Not a chance i was buying these.



Parts we overhauled or Reused 

No Assumtions - MPI / FPI

When parts looked in good condition, and were not parts which needed to be replaced, we sent them away to be either Magnetic Particle Inspected (MPI), or Fluro Penetrant Inspected (FPI). 

Parts send for MPI Included:

Parts sent for FPI:

Once all these parts came back ok, we were then able to use them in the engine. 

Engine Case & Sump

Once totally stripped and cleaned*, the case was sent back up to Suncoast who inspected it for cracks, cleaned it and alodined it, then machined the mating faces of the case. This meant the lateral dimensions of the case had changed, and so the 'bore' could not be assumed to be round. Suncoast then 'line bored' the hole in the case, ready to accept the bearings. 

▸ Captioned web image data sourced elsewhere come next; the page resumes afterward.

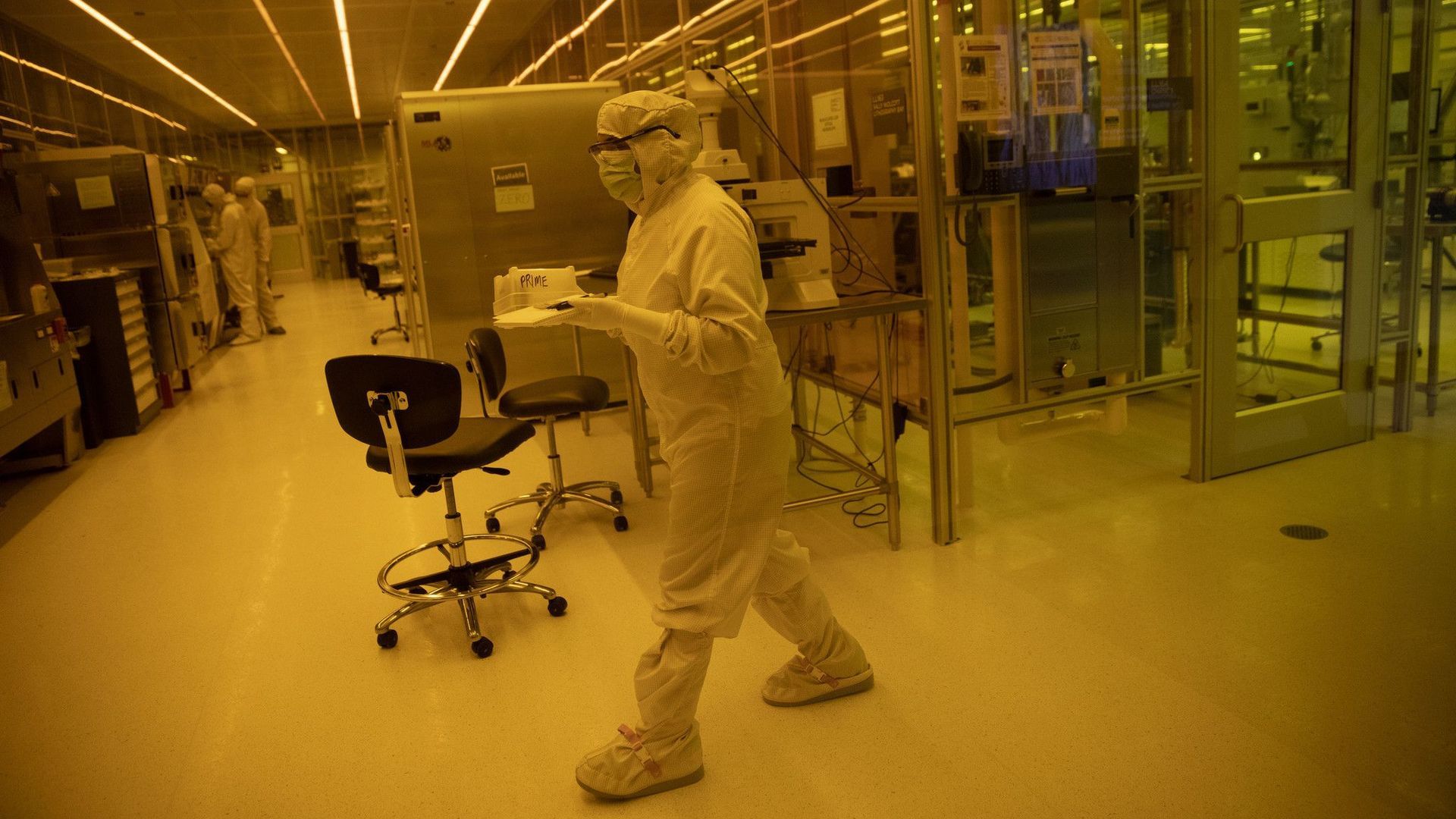 People work at a nanofabrication facility at the University of Chicago, which is part of the Chicago Quantum Exchange. 
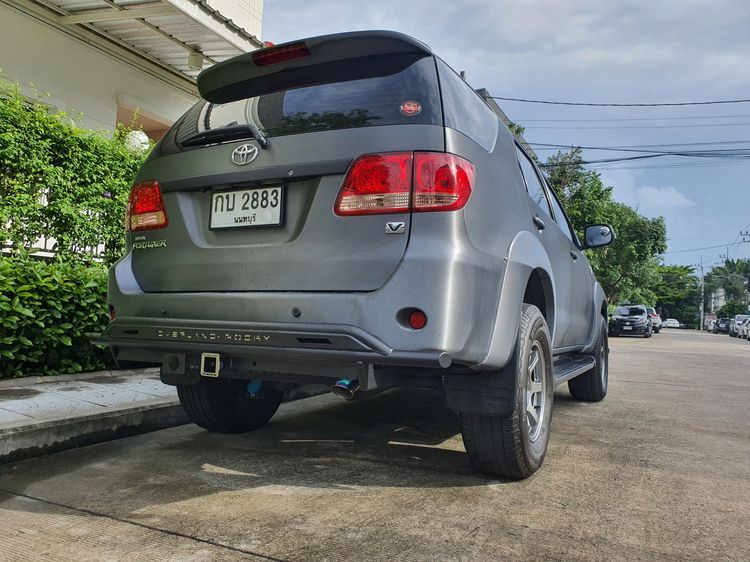 Toyota Fortuner 2006 2.7 V 4WD Utility-car เบนซิน LPG เกียร์อัตโนมัติ เทา รูปที่ 4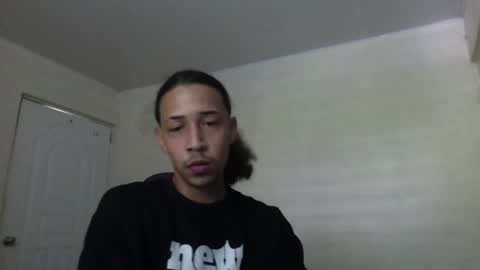 Snapshot of el_menor chatting on March 12, 2026, 7:53 pm Instagram BelowAbajo online show from March 12, 2026, 7:53 pm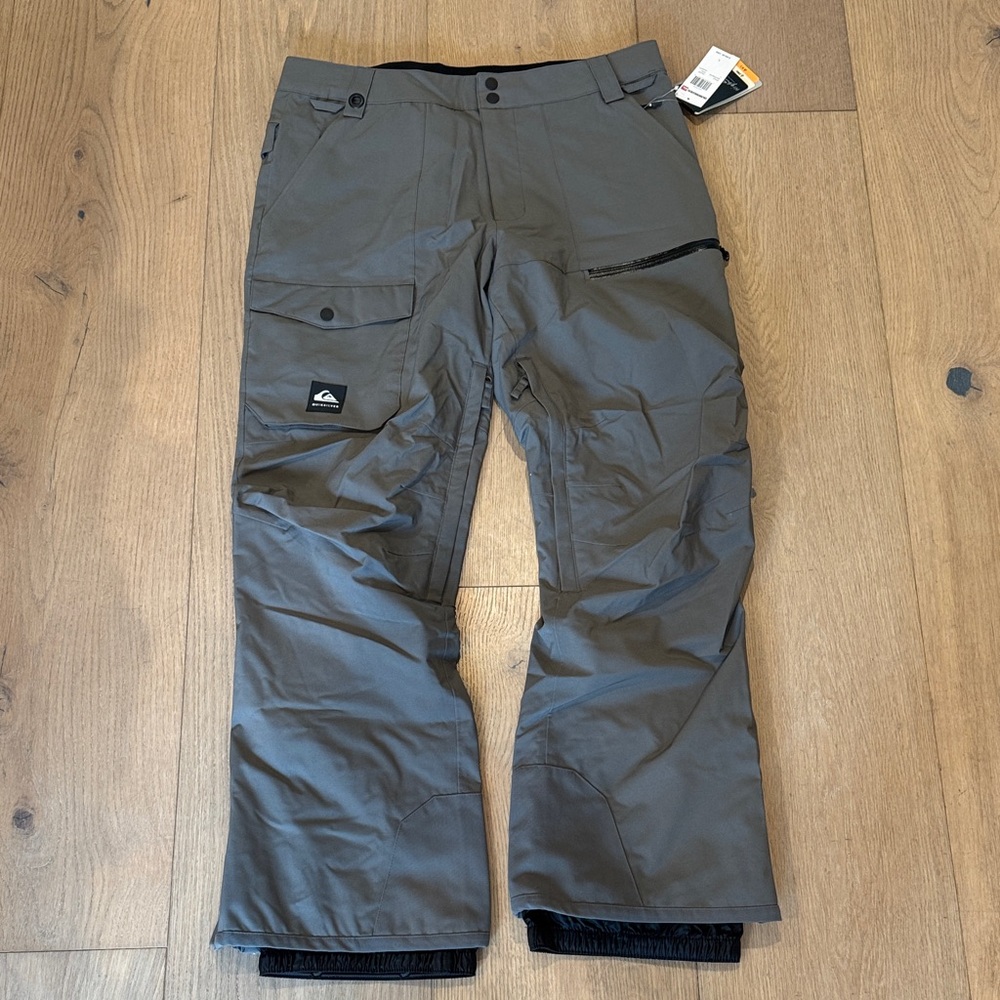 Quiksilver Men's Cargo Ski Pants in Gray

They also completed the milling of the channel in the forward bearing area of the camshaft, to give an oil feed to the hole drilled in the forward bearing of the cam (centrilube mod). 
After stipping and cleaning - that was a bear of a job



A big pile of things to go away for overhaul at Suncoast.


Back from overhaul! Much nicer...

The silver rings around the pushrod tubes need to be replaced - these were removed, the area cleaned and replaced with new ones. Not sure why this was not done at overhaul?


You can see the channel milled into the forward camshaft bearing surface to provide oil to the camshaft.



*A note on 'stripping and cleaning' - these engine parts are aluminium and cannot be bead blasted without damaging them, or embedding sand into the castings (bad!). So the case had to be run through the 'decarbonizer' fluid (a hot, stinky, red, very bad for you fluid), then the hot wash. They were then paint stripped, and pressure washed. It was a crappy thing to have to do - but better that i do it than have to pay shop labour rates! 
The very scary red tank

Yes, it was freezing.
 
The sump was in great condition already, so was send for FPI and then alodined and painted. 




Crankshaft & Counterweights

The crankshaft and counterweights needed to be sent away for inspection and overhaul to Joel up at Suncoast. The crankshaft in particular was a big concern for me, as when we removed it and gave it a light emery paper treatment, there were some fairly large scratches in the main bearing surfaces - presumably from the metal which had gone through the engine, which once belonged to the tappet faces. The crankpins were not as bad. 



This scoring scared me! 

Fortunately, when we measured the crankshaft we had a little bit of meat left on the bearing surfaces - by 'meat' i mean 0.0009" to spare! (aka 9 tenths in machinist lingo). The below measurements showed we had between 0.0013" - 0.0020" (13 - 20 thousanths) of extra meteral on the crank pins, and on the main bearings 0.0009" - 0.0016". (9 - 16 thousanths)

Fortunately, Lycoming makes 'oversized' (aka thicker) bearings for this reason. They come in M03 or M06 verions. M03 means they will fit a crankshaft which is 0.0003" undersized. 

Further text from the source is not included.